Lifestreams don’t yield the “paperless office.” (The “paperless office” is a bad idea because paper is one of the most useful and valuable media ever invented.) But lifestreams can turn office paper into a temporary medium —  for use, not storage. “On paper” is a good place for information you want to use; a bad place for information you want to store. In the stream-based office, for each newly-created or -received paper document: scan it into the stream and throw it away. When you need a paper document: find it in the stream; print it out; use it; if you wrote on the paper while using it, scan it back in; throw it out.

Questionable, but I don’t know if it’s right or wrong. Paper is a wasteful technology. Most information can easily be digital for its entire life.

But What Does It All Matter?

If you have plenty of money, the best consequence (so they say) is that you no longer need to think about money. In the future we will have plenty of technology — and the best consequence will be that we will no longer have to think about technology.

We will return with gratitude and relief to the topics that actually count.

Fitting to close with a restatement of the idea that good design is invisible.

written 9 January, 02009 Comments

‘Lifestreams’, 01997, Wired magazine

In contrast with the 02003 comment about how stream entries that lack a preview are ‘worthless’:

On the other hand, proofreaders definitely have their place, and there is a consensus among the user interface researchers I spoke with that Gelernter’s ideas could use a little more copyediting. As Don Norman, the Apple fellow and cognitive psychologist puts it, “Gelernter is a brilliant man and very logical, but he doesn’t know human memory.” While it’s true, Norman says, that people often remember things with temporal clues, this is just one of many ways — and not necessarily the best way. “The proper solution,” he says, “is multiple solutions.” This was a line echoed by nearly everyone. Agrees Jakob Nielsen, a user interface researcher at Sun Microsystems, “The temporal dimension is very important, but you cannot just do a time-based interface — it would be as bad as today’s spatial interface. People are multidimensional.”

Gelernter rebuts these objections by pointing out that Lifestreams is multidimensional: it has the Find command that allows for other searches based on keywords or tags. True — but both of these dimensions are profoundly nonvisual. Given that 70 percent of human input capacity is through our eyes, this seems like a serious shortcoming.

written 8 January, 02009 Comments

‘Computer Visions: A Conversation with David Gelernter’

On lifestreams

Those are the goals of our lifestream (or “information beam”) project. In our view of the future, users will no longer care about operating systems or computers; they’ll care about their own streams, and other people’s. I can tune in my stream wherever I am. I can shuffle other streams into mine — to the extent I have permission to use other people’s streams. My own personal stream, my electronic life story, can have other streams shuffled into it — streams belonging to groups or organizations I’m part of. And eventually I’ll have, for example, newspaper and magazine streams shuffled into my stream also. I follow my own life, and the lives of the organizations I’m part of, and the news, etc., by watching the stream flow.

On document previews

My desktop might be crammed with icons, but the icons tell me basically nothing about what’s inside the corresponding files, apps, and so on. My file system, mailer and net search engine return mainly lists of words; I have to read them line by line.

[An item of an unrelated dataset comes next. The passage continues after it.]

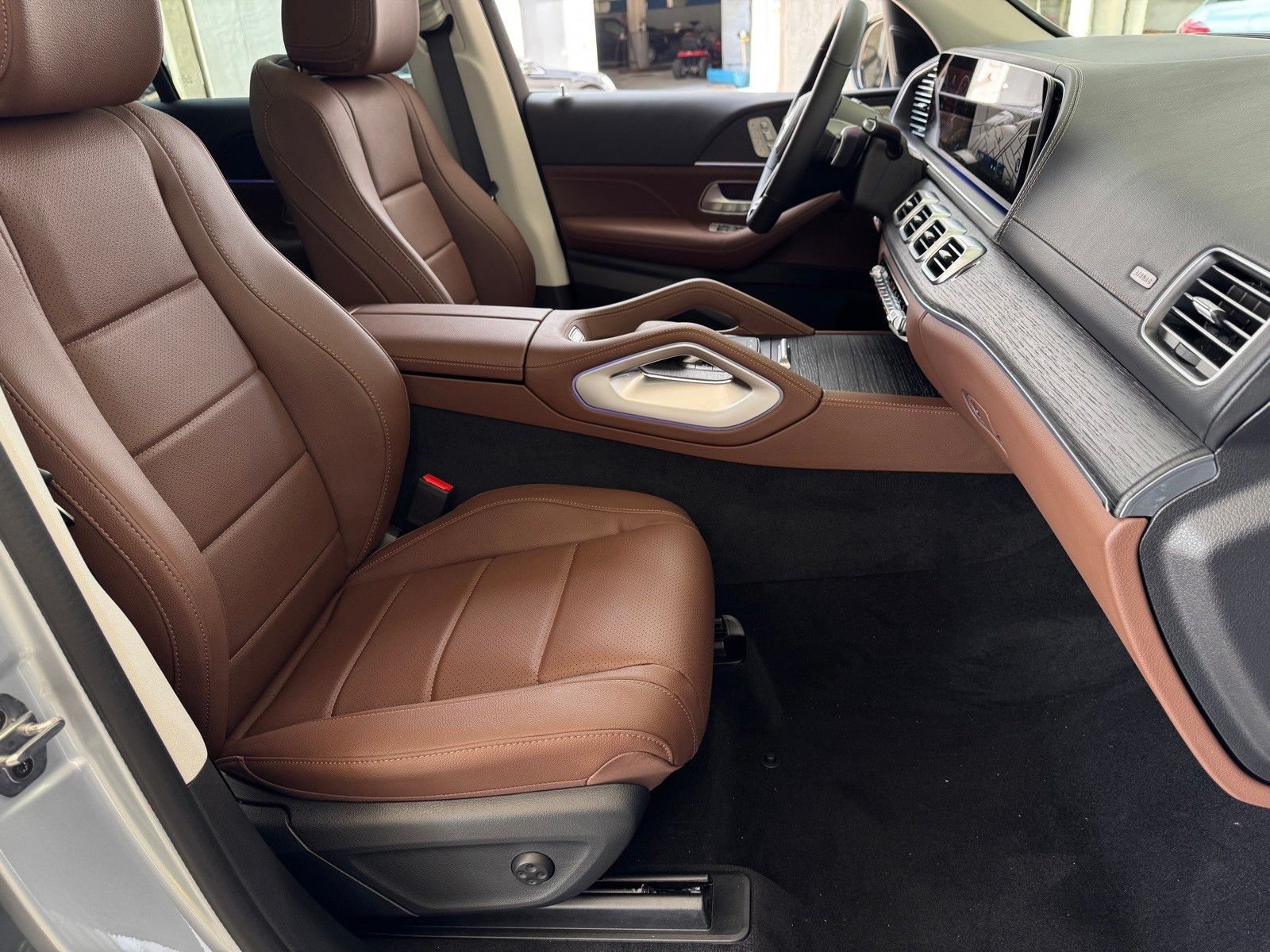 New 2026 Cirrus Silver Metallic Mercedes-Benz GLE 350 image 16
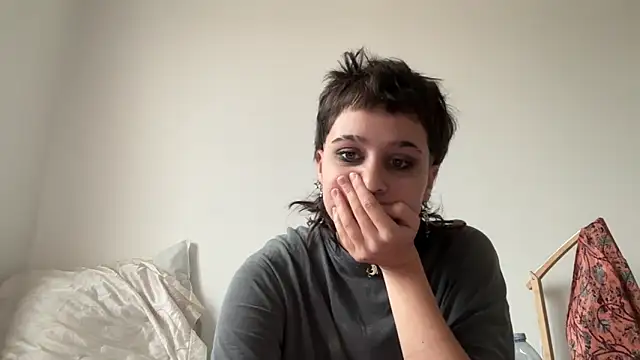 NIQUE TARAXX online show from October 4, 2:07 pm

Compare that to how I search my office for a document. My visual sense is key. I remember roughly where I put the document and what it looks like. Or compare this to how I interact with a magazine stand: my visual sense guides me to things that interest me. Once I’ve got a magazine in hand, I can flip through it and find what’s interesting.

If info-beams weren’t visual and browsable, they’d be worthless. Each element in the stream must show you a compressed visual summary of its document; when you touch a stream element, you instantly get a larger visual summary.

This interview took place in 02003, several years before technology like Quick Look was released.